[DATA EXCERPT]
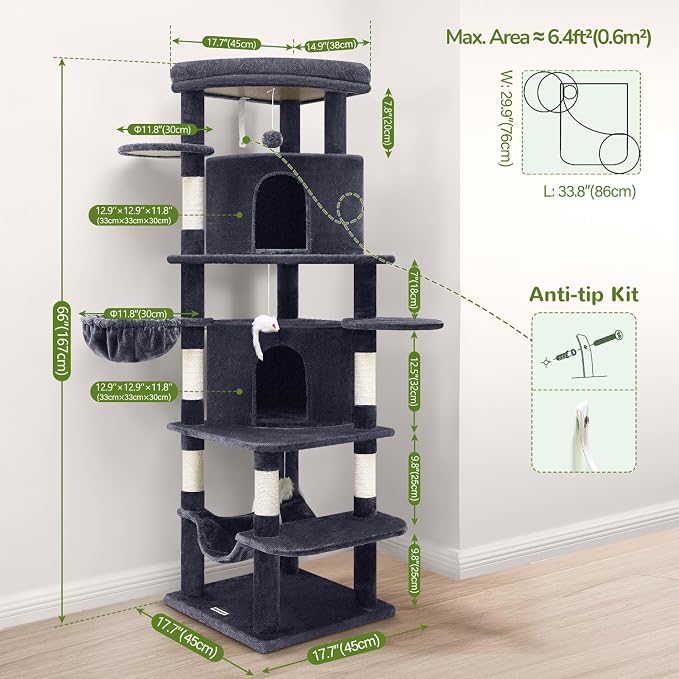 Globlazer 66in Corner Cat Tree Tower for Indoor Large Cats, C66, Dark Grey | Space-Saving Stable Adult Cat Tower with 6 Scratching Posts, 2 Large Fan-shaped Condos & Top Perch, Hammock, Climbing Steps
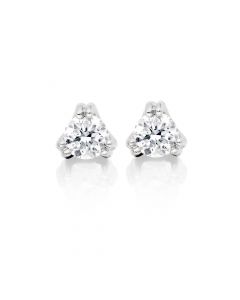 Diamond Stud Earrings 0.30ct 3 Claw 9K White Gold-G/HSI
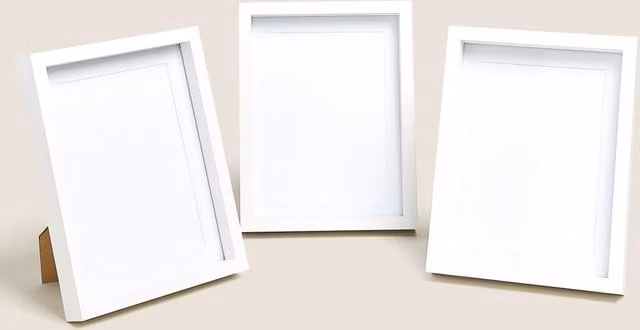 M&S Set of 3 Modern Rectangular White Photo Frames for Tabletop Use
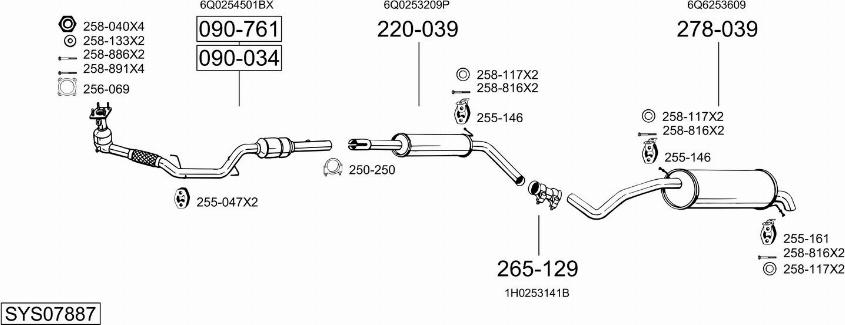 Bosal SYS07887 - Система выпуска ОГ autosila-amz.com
[/DATA EXCERPT]
YOUR ASSIGNMENT:
Pictures are to be omitted. The lines from the line holding "Diamond Stud Earrings" through the closing line of the data above are to be set down exactly, and nothing more.

REPLY:
 Diamond Stud Earrings 0.30ct 3 Claw 9K White Gold-G/HSI
 M&S Set of 3 Modern Rectangular White Photo Frames for Tabletop Use
 Bosal SYS07887 - Система выпуска ОГ autosila-amz.com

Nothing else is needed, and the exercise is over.